Information shown =>
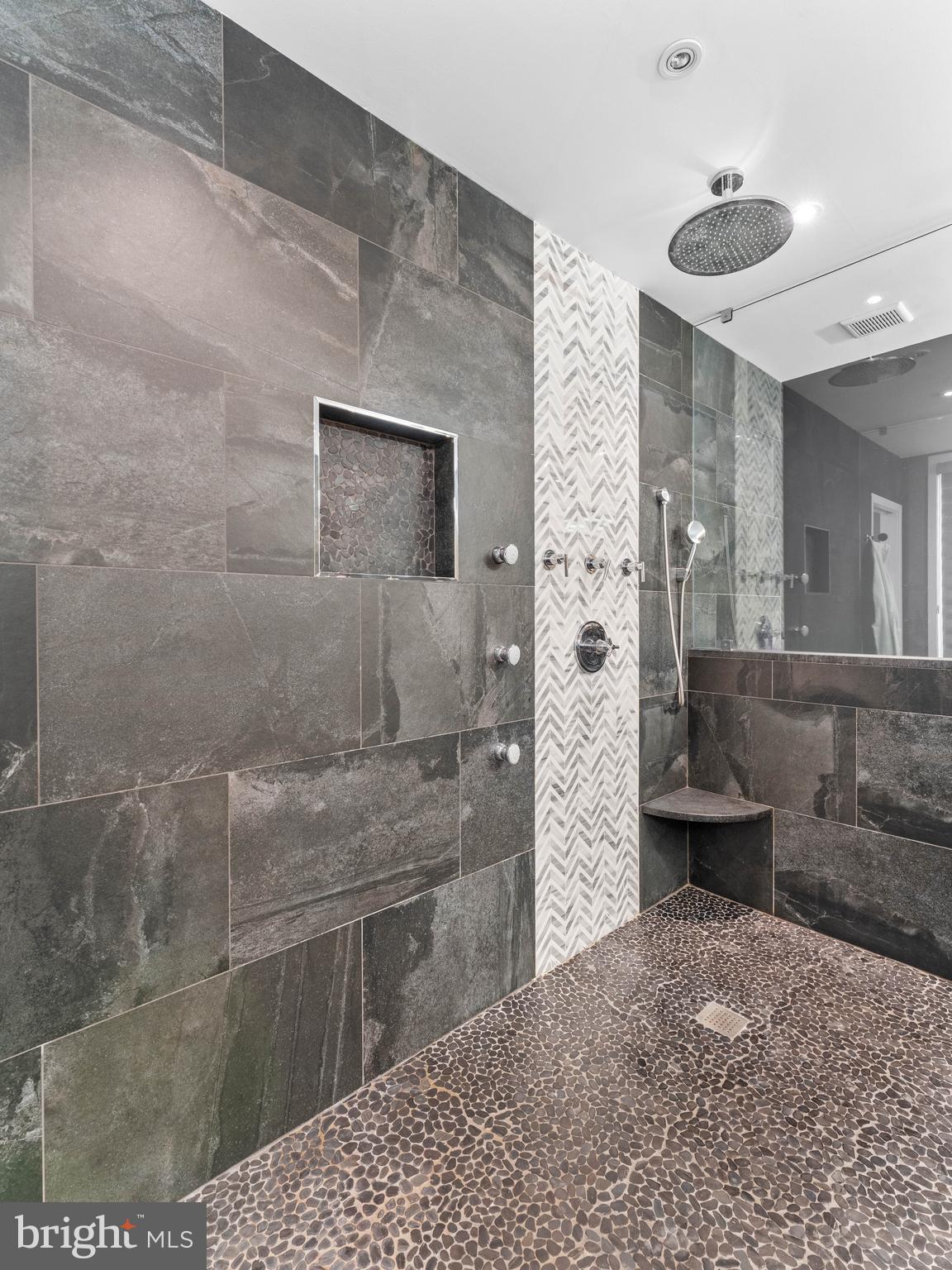 LIBERTY ESTATES - Residential
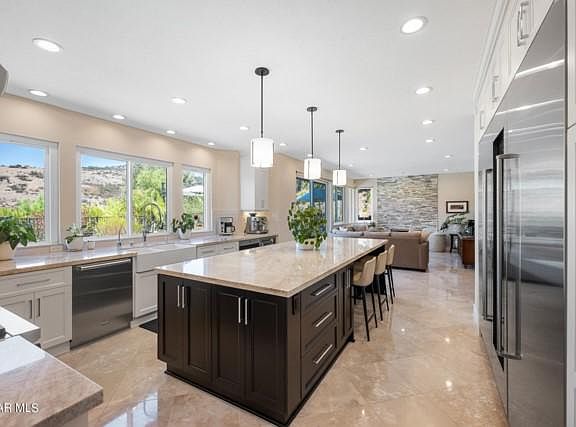 5th image of 2683 Grandoaks Dr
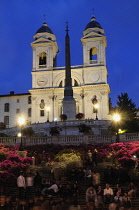 Italy, Lazio, Rome, Centro Storico, Piazza Spagna, Spanish Steps at night.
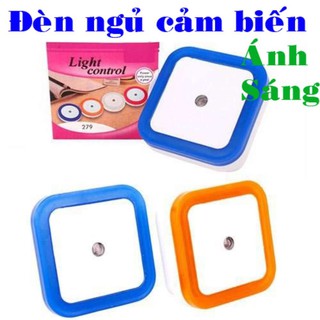 Đèn ngủ LED cảm ứng tự động bật tắt theo ngày đêm 1W (màu ngẫu nhiên)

Instructions for the task => Every line from the one with "Italy, Lazio, Rome, Centro" through the last line of the listing above must be written out exactly, and no picture may appear.

Written reply =>
 Italy, Lazio, Rome, Centro Storico, Piazza Spagna, Spanish Steps at night.
 Đèn ngủ LED cảm ứng tự động bật tắt theo ngày đêm 1W (màu ngẫu nhiên)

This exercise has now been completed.